═══ Extracted information ═══

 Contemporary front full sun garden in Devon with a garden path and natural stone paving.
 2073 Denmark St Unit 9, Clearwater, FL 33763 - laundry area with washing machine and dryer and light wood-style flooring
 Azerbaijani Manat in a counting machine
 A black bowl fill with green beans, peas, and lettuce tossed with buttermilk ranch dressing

═══
═══ Extracted information ═══

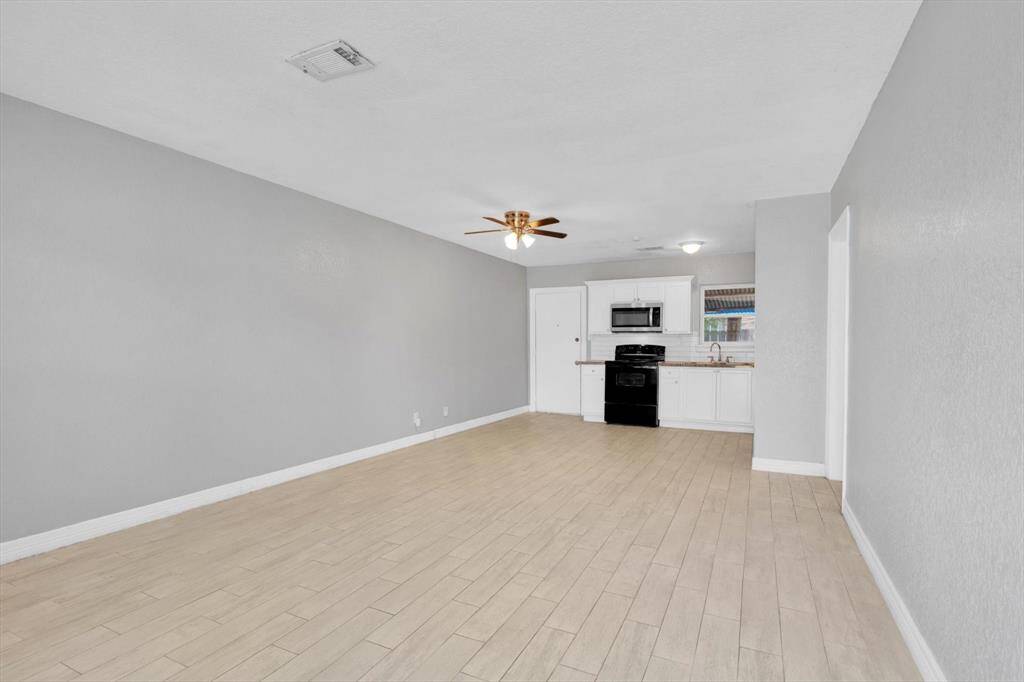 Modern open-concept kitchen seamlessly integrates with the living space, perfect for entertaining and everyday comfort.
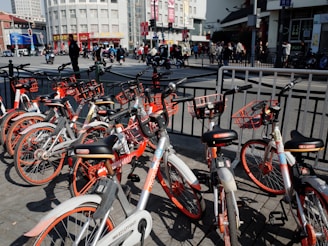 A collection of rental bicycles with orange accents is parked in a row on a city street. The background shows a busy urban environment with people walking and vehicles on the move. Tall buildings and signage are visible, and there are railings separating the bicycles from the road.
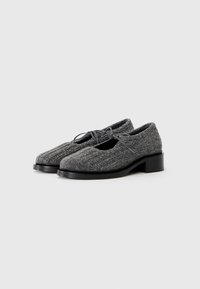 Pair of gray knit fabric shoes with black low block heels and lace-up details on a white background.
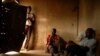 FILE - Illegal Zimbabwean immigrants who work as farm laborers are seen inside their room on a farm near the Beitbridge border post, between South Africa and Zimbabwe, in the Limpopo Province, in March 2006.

═══

## Exercise:
Extract from the records above the lines from the one containing "Contemporary front full" to the one containing "A black bowl", both lines included, exactly as they appear and with nothing else.

## Response to the task:
 Contemporary front full sun garden in Devon with a garden path and natural stone paving.
 2073 Denmark St Unit 9, Clearwater, FL 33763 - laundry area with washing machine and dryer and light wood-style flooring
 Azerbaijani Manat in a counting machine
 A black bowl fill with green beans, peas, and lettuce tossed with buttermilk ranch dressing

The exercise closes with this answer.